▶ EXERCISE AIM:
For the entries below, copy exactly the line that contains "Antique-Style Black set" through the line that contains "Roman 6x4 Porcelain", both ends included, and exclude all pictures.

▶ INPUT DATA:
__________________________________________________

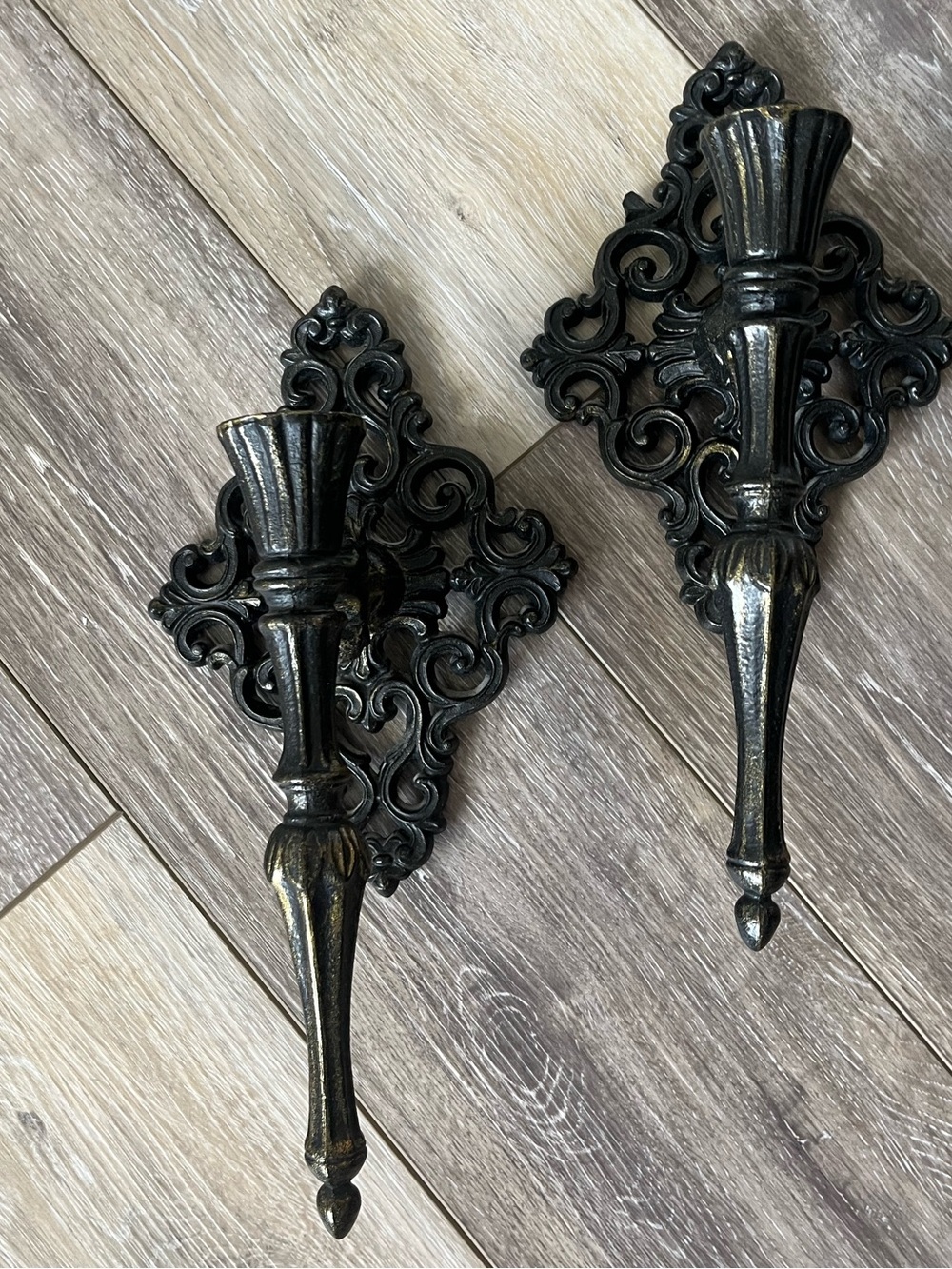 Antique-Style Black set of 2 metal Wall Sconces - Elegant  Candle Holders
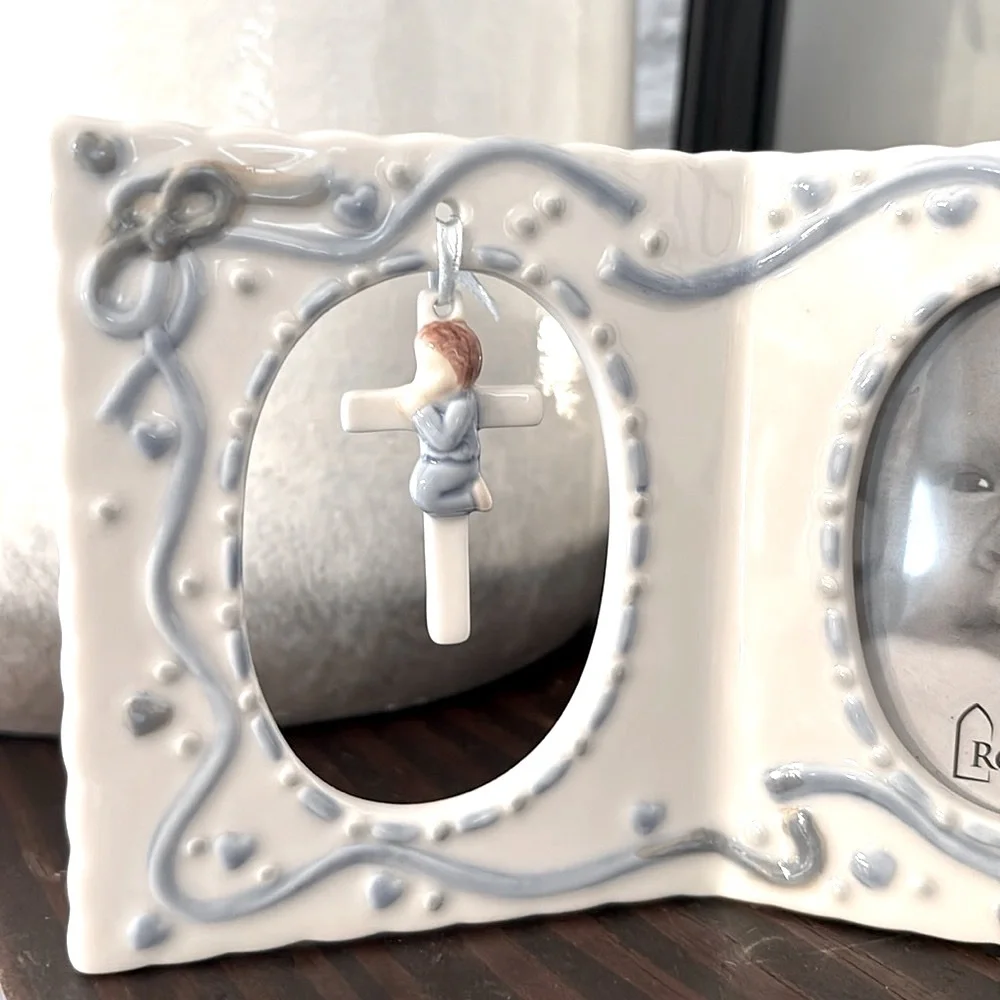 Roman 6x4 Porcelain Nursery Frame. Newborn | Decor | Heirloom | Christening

__________________________________________________

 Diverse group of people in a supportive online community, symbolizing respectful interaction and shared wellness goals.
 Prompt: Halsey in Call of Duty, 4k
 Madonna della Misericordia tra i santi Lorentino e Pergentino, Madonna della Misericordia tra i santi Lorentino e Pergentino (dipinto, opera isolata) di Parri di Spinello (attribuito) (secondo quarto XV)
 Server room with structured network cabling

__________________________________________________

▶ WRITTEN RESPONSE:
 Antique-Style Black set of 2 metal Wall Sconces - Elegant  Candle Holders
 Roman 6x4 Porcelain Nursery Frame. Newborn | Decor | Heirloom | Christening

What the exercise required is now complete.